[What you are asked to do] Among the records that follow, find each line holding the word "with" and copy it.

━━ Given data ━━

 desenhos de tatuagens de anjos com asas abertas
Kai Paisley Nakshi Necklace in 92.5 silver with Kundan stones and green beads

━━━
━━ Given data ━━

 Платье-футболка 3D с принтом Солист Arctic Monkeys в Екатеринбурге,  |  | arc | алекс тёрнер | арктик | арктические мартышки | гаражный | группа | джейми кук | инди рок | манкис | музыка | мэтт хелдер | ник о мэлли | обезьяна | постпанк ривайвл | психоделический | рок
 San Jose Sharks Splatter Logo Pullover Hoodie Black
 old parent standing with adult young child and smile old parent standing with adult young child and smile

━━━
━━ Given data ━━

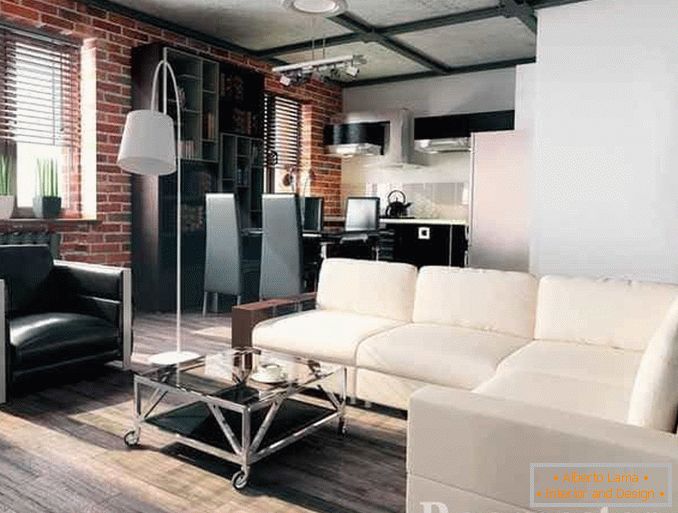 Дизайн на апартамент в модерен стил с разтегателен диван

━━━

[Response for this exercise]
Kai Paisley Nakshi Necklace in 92.5 silver with Kundan stones and green beads
 old parent standing with adult young child and smile old parent standing with adult young child and smile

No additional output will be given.